Aparecen paralelamente novelas que tienden
visiblemente hacia el cuento: tienen una cantidad limitada de
personajes, un misterio como efecto central, etc. Este es el caso de
la novela de Hawthorne, La
letra escarlata, que los teóricos e historiadores de la literatura
americana citan constantemente como ejemplo de construcción notable.
Esta novela no tiene nada más que tres personajes ligados entre
ellos por un secreto que se descubre en el último capitulo (Revelation); no hay intrigas paralelas, ni digresión, ni episodio marginal:
estamos frente a una unidad total de tiempo, lugar y acción. Se
trata de un fenómeno radicalmente diferente al de las novelas de
Balzac o de Dickens que no encuentran su origen en el cuento sino en
los estudios de costumbres o en los estudios llamados fisiológicos.

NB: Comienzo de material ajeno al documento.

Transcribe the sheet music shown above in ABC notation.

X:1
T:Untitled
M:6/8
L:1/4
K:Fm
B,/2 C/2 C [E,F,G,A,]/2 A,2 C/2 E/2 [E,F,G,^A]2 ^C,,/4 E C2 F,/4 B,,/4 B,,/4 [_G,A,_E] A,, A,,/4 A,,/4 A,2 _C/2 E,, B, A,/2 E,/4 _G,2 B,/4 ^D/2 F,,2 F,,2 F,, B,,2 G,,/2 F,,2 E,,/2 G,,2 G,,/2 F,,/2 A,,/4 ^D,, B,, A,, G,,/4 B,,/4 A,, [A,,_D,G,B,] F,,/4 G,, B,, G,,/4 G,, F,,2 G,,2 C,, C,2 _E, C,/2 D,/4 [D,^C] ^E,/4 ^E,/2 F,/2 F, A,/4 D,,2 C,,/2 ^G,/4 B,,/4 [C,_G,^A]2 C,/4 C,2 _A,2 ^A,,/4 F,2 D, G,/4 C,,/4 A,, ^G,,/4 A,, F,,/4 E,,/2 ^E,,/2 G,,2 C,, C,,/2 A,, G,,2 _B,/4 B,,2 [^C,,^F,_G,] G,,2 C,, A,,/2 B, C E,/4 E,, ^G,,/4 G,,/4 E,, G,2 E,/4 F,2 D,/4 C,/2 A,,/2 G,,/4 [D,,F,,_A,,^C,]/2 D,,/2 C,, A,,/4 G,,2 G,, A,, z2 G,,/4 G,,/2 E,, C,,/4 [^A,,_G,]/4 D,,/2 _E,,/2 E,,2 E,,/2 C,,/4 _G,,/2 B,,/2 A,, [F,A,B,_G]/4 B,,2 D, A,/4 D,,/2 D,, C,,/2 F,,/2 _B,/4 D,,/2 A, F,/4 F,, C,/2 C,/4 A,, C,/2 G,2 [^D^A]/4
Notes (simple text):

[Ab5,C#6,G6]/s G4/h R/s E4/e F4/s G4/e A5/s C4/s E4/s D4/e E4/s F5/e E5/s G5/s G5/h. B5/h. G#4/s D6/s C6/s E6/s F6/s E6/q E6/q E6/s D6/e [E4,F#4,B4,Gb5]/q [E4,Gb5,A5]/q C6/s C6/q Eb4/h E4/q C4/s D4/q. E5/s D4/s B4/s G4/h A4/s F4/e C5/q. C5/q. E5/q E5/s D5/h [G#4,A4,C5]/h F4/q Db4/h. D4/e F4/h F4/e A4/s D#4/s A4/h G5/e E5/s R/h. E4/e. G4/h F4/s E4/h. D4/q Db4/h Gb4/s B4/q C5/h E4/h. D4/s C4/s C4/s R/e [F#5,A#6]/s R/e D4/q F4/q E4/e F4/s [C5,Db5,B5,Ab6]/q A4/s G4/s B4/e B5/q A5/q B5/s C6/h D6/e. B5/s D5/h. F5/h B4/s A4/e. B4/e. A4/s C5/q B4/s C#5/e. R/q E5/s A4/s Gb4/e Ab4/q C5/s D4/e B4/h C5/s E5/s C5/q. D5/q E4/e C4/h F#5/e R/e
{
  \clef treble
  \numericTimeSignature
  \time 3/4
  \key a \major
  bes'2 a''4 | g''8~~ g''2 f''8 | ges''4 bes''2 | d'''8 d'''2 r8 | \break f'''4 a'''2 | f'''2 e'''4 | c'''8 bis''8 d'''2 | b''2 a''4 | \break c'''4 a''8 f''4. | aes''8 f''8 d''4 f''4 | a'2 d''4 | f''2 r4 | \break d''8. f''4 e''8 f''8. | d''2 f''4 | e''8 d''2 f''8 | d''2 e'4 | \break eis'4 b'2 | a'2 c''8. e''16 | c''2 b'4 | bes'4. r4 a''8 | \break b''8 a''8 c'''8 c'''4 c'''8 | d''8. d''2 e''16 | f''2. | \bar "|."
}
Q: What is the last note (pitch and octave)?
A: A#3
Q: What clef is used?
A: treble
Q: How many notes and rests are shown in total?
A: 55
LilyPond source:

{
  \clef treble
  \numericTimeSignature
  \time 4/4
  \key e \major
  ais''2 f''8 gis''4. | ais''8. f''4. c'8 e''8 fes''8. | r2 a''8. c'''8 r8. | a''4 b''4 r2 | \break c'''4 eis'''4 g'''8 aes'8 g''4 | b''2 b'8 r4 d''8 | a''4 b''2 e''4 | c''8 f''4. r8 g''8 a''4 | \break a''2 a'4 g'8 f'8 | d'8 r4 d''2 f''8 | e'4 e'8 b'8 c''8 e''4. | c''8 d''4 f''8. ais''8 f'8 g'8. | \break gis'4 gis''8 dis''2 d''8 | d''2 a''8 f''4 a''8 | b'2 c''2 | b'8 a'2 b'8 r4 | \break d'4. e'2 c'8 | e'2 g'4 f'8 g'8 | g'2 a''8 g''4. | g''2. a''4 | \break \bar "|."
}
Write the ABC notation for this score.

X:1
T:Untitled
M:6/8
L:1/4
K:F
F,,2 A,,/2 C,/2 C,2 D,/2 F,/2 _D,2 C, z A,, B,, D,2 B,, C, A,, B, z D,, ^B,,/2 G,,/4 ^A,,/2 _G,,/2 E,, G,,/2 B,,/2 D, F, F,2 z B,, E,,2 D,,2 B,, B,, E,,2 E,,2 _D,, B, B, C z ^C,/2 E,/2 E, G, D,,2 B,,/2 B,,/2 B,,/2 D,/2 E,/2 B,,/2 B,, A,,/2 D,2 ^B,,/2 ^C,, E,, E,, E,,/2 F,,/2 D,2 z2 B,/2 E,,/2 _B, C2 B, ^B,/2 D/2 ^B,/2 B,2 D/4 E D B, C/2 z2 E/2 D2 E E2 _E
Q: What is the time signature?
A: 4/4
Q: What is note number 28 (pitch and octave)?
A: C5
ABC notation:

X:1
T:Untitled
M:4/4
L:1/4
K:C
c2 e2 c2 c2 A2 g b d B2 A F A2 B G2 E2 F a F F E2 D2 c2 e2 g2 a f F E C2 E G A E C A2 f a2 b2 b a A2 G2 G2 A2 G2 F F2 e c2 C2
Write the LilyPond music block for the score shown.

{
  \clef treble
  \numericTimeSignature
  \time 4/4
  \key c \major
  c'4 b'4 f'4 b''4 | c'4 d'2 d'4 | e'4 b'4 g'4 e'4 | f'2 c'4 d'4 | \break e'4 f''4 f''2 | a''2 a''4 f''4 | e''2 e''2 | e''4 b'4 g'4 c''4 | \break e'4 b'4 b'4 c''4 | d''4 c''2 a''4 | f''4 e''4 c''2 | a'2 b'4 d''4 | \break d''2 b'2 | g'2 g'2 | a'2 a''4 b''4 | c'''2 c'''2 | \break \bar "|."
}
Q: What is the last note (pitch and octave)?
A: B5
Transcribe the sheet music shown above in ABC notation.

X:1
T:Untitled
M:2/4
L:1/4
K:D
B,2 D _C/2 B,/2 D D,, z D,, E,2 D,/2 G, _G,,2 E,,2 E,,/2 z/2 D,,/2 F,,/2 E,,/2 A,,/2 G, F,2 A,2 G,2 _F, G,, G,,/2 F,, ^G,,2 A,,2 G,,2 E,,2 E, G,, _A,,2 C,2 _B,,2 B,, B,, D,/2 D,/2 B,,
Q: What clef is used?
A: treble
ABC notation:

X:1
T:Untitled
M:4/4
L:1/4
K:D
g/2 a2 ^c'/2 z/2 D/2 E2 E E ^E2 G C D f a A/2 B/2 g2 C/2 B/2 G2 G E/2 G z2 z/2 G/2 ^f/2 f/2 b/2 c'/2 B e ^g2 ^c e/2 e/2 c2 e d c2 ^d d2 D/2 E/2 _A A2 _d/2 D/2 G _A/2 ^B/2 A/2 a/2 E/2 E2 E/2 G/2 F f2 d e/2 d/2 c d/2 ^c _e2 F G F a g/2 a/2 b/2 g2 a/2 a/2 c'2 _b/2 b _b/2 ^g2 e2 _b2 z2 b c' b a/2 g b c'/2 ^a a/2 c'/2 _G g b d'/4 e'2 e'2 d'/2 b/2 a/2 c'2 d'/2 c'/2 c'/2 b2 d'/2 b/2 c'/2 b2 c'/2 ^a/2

La literatura norteamericana se caracteriza por el desarrollo del
cuento, fundado en los siguientes principios: unidad de
construcción, efecto principal hacia la mitad del relato y fuerte
acento final. Hasta los años ochenta esta forma varía, acercándose o
alejándose del reportaje, pero manteniendo siempre su carácter
serio: moralizador o sentimental, psicológico o filosófico. A partir
de esta época (Mark Twain), el cuento norteamericano da un gran paso
en el sentido de la anécdota, subrayando el papel del narrador
humorista o bien introduciendo elementos de imitación y de ironía
literaria. Inclusive la sorpresa final está sometida al juego de la
intriga y expectativa del lector. Los procedimientos de construcción
son revelados intencionalmente y no tienen más que una significación
formal; la motivación se simplifica, el análisis psicológico
desaparece. En esta época aparecen los cuentos de O. Henry donde se
manifiesta en su más alto grado la tendencia anecdótica.